O vinho é um grande perigo, principalmente porque não traz a verdade à tona. Até mesmo o contrário da verdade: revela especialmente nossa história passada e esquecida e não nossa vontade atual; atira caprichosamente à luz as ínfimas ideias com as quais em época mais ou menos recente nos entretivemos e das quais já não lembramos; não faz caso daquilo que esquecemos e lê tudo quanto ainda restou perceptível em nosso coração. E sabemos que não é possível anular nada tão radicalmente, como se faz com uma letra de câmbio malgirada. Toda nossa história é sempre legível, e o vinho grita-a, passando por cima de tudo quanto a vida depois acrescentou a ela.

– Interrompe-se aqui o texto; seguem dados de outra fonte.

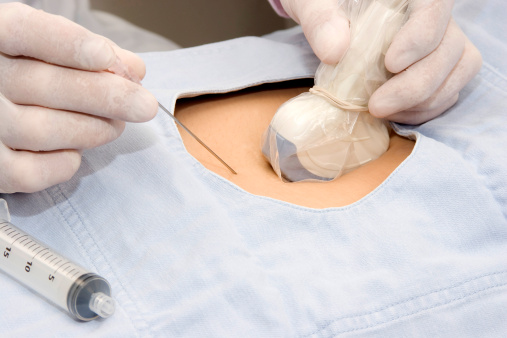 биопсия хориона при повышении ТВП процедура биопсии хориона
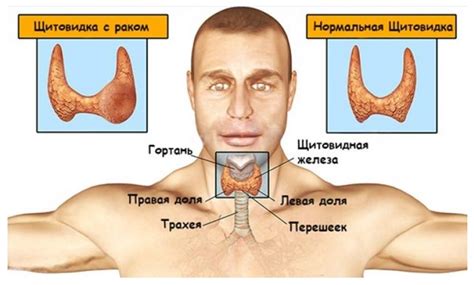 Симптомы и диагностика новообразований щитовидной железы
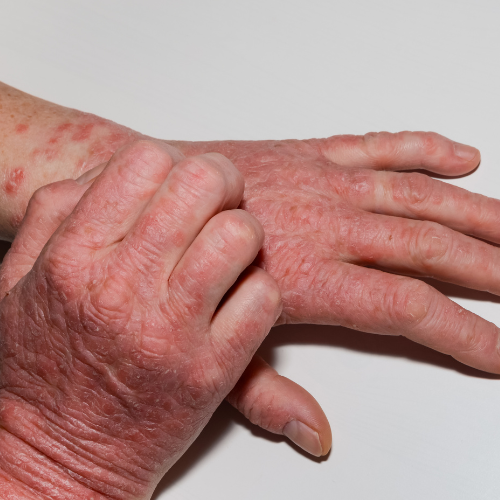 Psoriasis is a chronic, inflammatory skin condition that can significantly impact a patient's physical and mental health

svevo(Trecho de A Consciência de Zeno, de Ítalo Svevo, escritor italiano nascido em 1861 em Trieste, cidade localizada no extremo nordeste da Itália – à época parte do império austro-húngaro. O livro, publicado em 1923, é considerado um clássico do modernismo italiano e um dos precursores do romance psicológico, inspirado pelas então novas teorias de Sigmund Freud. Svevo foi amigo de James Joyce, que morou em Trieste, e serviu de modelo para Leopold Bloom, protagonista de Ulysses de Joyce, livro publicado em 1922.)